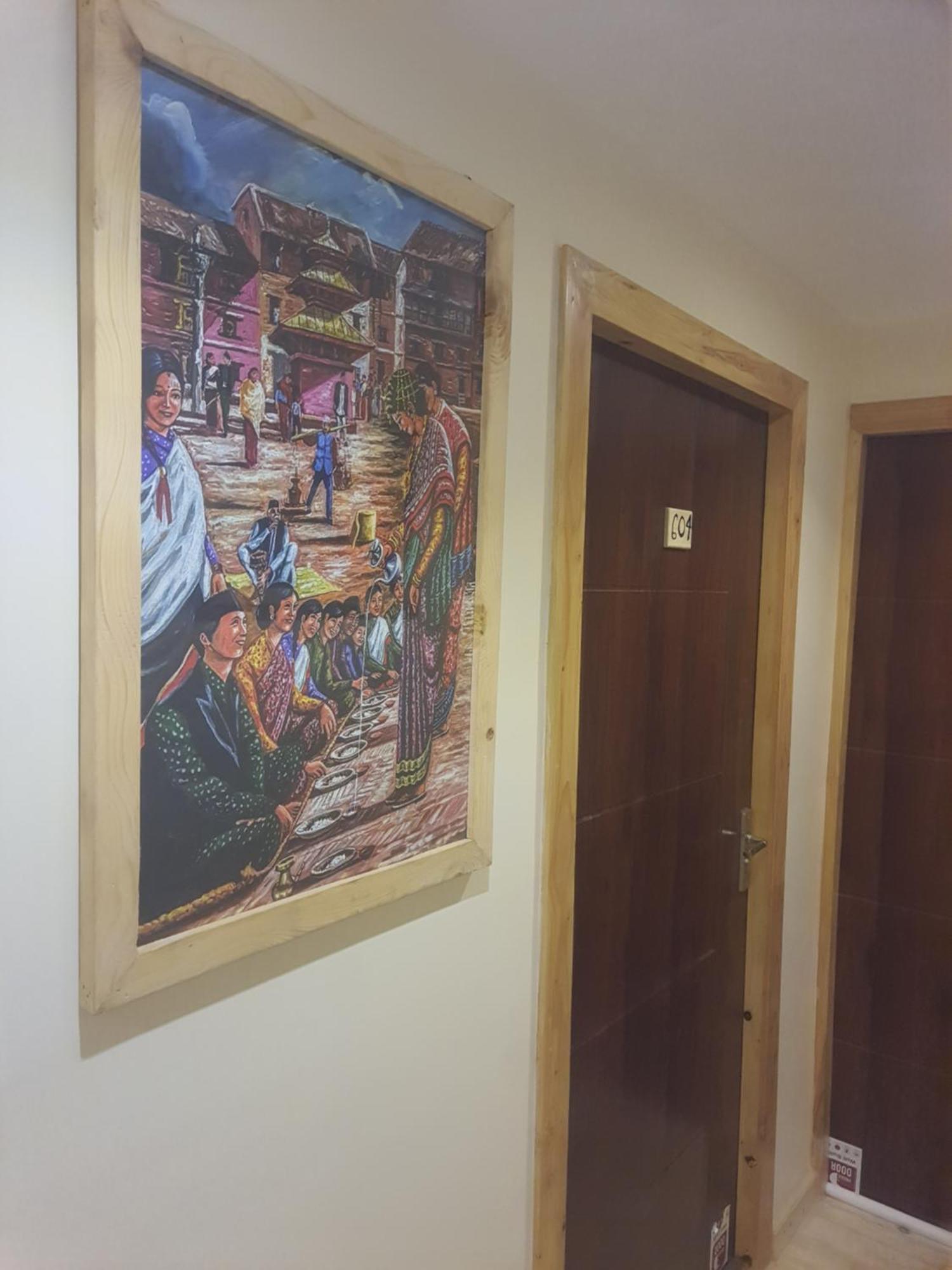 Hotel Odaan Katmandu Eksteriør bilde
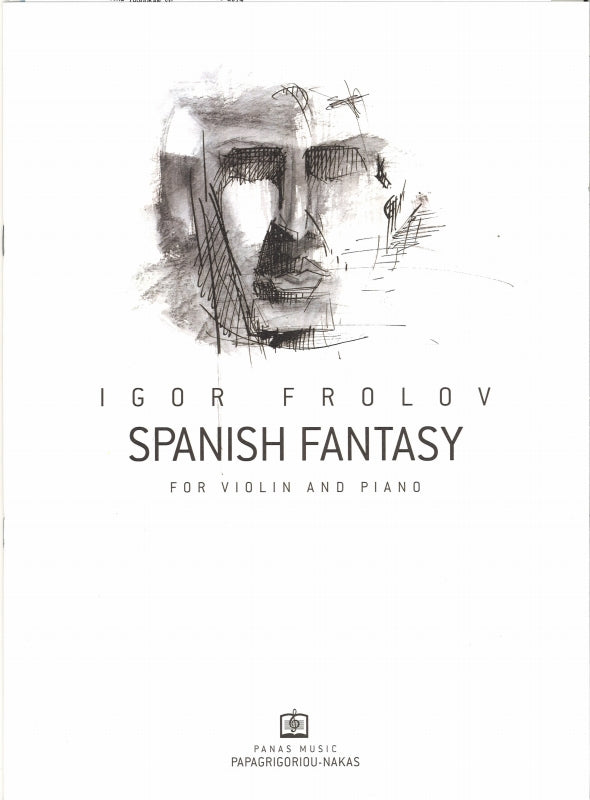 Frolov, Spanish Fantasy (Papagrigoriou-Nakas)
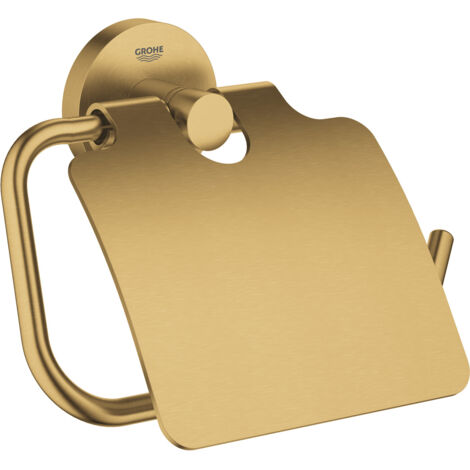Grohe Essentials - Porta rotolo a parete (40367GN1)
--
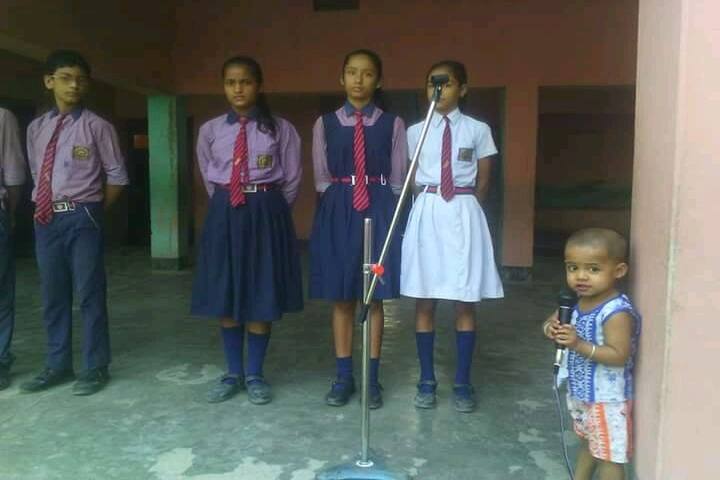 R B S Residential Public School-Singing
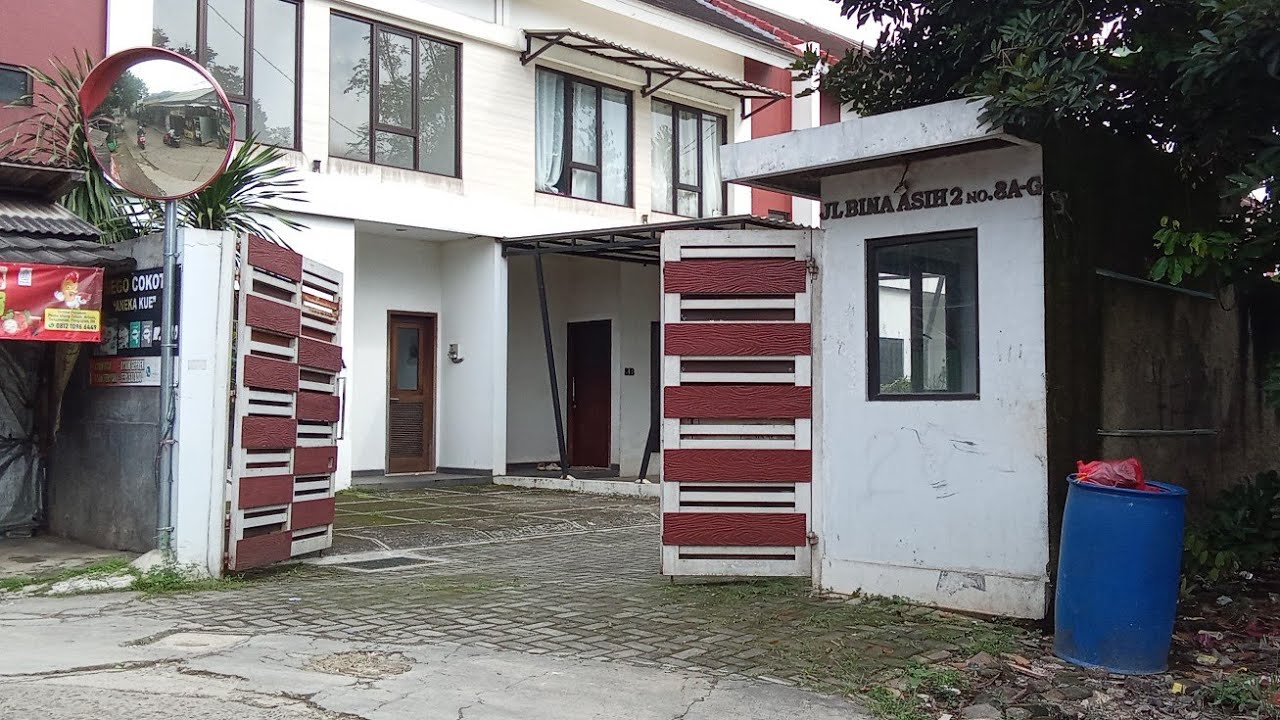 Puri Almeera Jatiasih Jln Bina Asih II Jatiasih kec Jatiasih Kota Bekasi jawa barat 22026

EXERCISE DETAILS.
Go to the line above holding "Frolov, Spanish Fantasy", then copy exactly each line down to and including the one holding "Grohe Essentials - Porta", leaving pictures out.

SOLUTION TO THE EXERCISE.
 Frolov, Spanish Fantasy (Papagrigoriou-Nakas)
Grohe Essentials - Porta rotolo a parete (40367GN1)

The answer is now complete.